I am an outsourced American: I am black/African American and approaching 43 years of age. This is a chronicle of my story. The major networks talk about the "robust economy," few of them talk about the personal cost of the loss. I hope my story is not just an ethnic story. Like I said: I am an outsourced American, a casualty of NAFTA and CAFTA. We will all share in this boat soon.

Wednesday, April 29, 2009

100 days

I celebrated the first 100 days of Obama's presidency in the living room of my mother-in-law, who is recovering from pneumonia.

She admitted her generation worried about "the system," AKA "the man" as it related to the generation following hers - mine and my wife's, her daughter.

Like me, I know a lot of African Americans with Bachelors, Masters and PhD's in science and engineering that... can't find work. I know of at least one driving the airport's "Super Shuttle" and myself selling security alarm systems. I find the business cutthroat and brutal: you are dueling with competitors and customers comparing you to competitors. I find solace in working equations in quantum mechanics and calculus and look forward to a career in academia (hence on my profile, "Education" as my soon-to-be occupation).
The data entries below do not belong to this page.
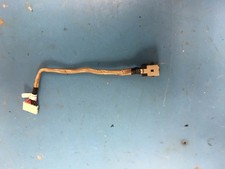 OEM MSI GE62 MS-16J2 15.6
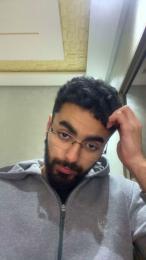 AzanAkshan — Cam4 stream photo (Apr 2026)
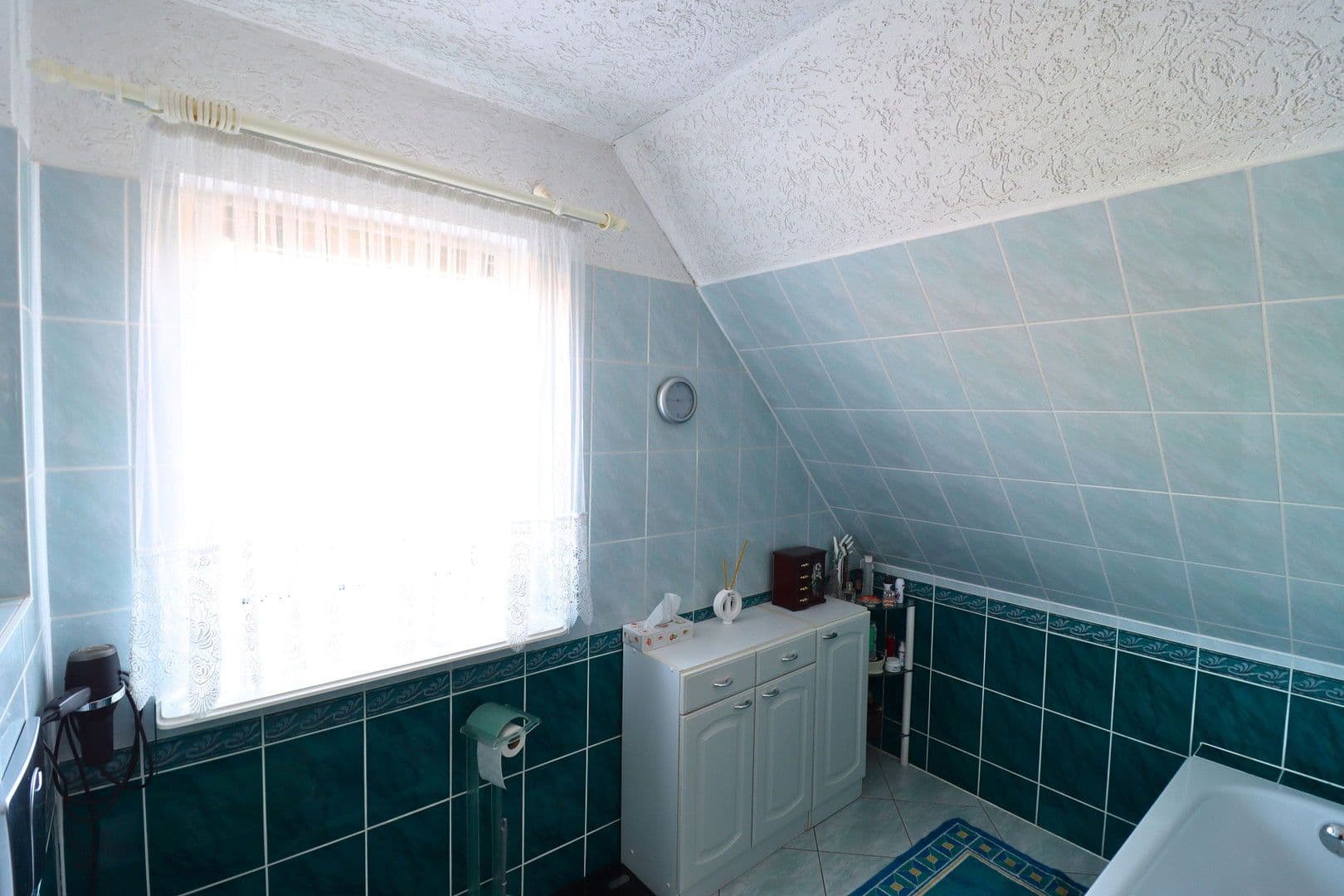 Predaj domu 104 m², pozemek 1.114 m², Oberuckersee, Brandenbursko Predaj domu 104 m², pozemek 1.114 m², Oberuckersee, Brandenbursko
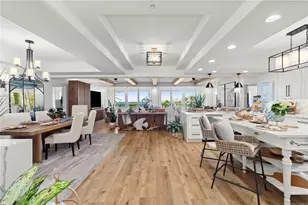 200 Ocean Crest Dr, Palm Coast, FL 32137 - Photo 6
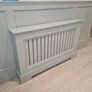 Radiator cover Image 5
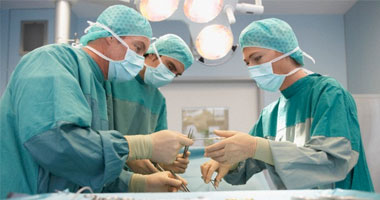 دراسة أمريكية: اللف التنحيفى بالأعشاب البحرية أحدث صيحات التجميل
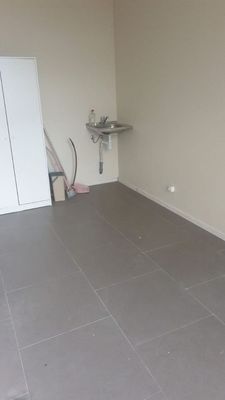 Сдам коммерческое помещение 60 м2, Ленина ул, 10 1, Грибаново д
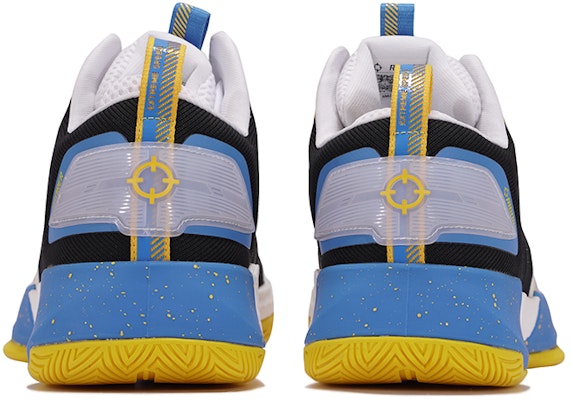 RIGORER ロー "青黄" (RIGORER Rō "AoKi") Z120160105-7 Lookbook RIGORER ロー "青黄" (RIGORER Rō "AoKi") Z120160105-7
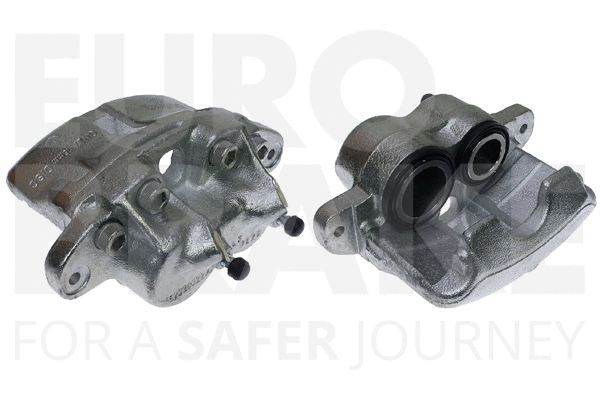 Brake Caliper (5301219942)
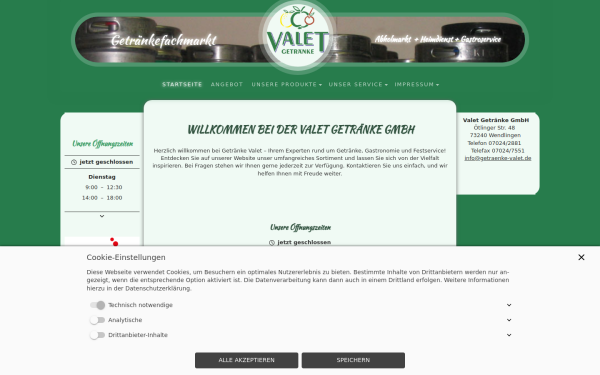 getraenke-valet.de
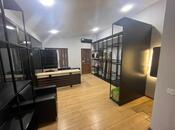 İcarəyə verilir 3 otaqlı ofis 120 m², Nəriman Nərimanov m., photo 4 from 7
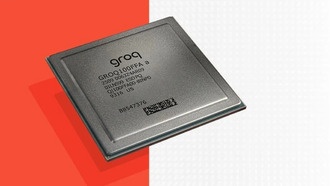 Groq привлекла $750 млн на разработку AI-чипов для конкуренции с Nvidia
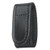 Gould & Goodrich B142 Leather Belt Keeper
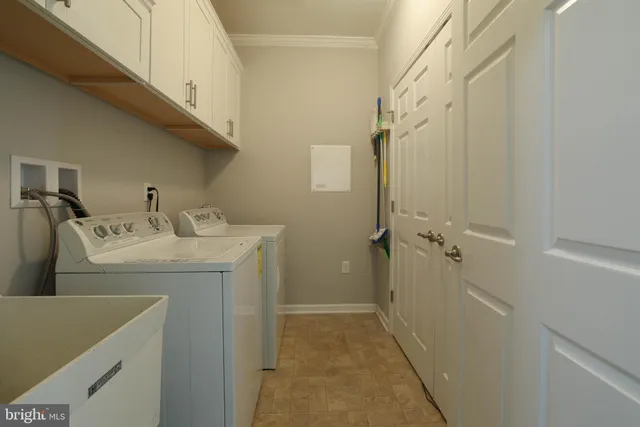 $534,900 | 311 Newport Way, Little Egg Harbor, NJ 08087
Yet, I meet people I used to work with at my former company (of the "other" persuasion), the one that laid me off August 26, 2003 that have never experienced a lay off, have received raises and bonuses - probably for laying off people - that have never seen a dip in their wages, have never gone on food stamps, have never found creative after creative way to pay their mortgages and aren't reduced to blogging their angst for the world wide web to see.

Our optimism is supposedly "up" because we have a black president. Other than the prophesy of Tupac and Public Enemy CDs, I am nonplussed at the absurdity of the soundbite.

Don't get me wrong: I cheered when the man made it. I called - or tried to call - friends and celebrate over cellphone calls as I celebrated at the Obama party I attended.

I quote Frederick Douglass in "Memoir": "The soul that is within me, no man can degrade." It was a means of building up my inner man and straightening my backbone. I've been in the battle a long time, longer than most of you. It's my own personal mantra. If it helps, borrow it.

Yet, I cannot ignore Douglass' quote on power:

"Power concedes nothing without a demand. It never did and it never will. Find out just what any people will quietly submit to and you have found out the exact measure of injustice and wrong which will be imposed upon them, and these will continue till they are resisted with either words or blows, or both. The limits of tyrants are prescribed by the endurance of those whom they oppress."

Let's not quietly submit or endure: "The soul that is within you, no ONE can degrade." Peace.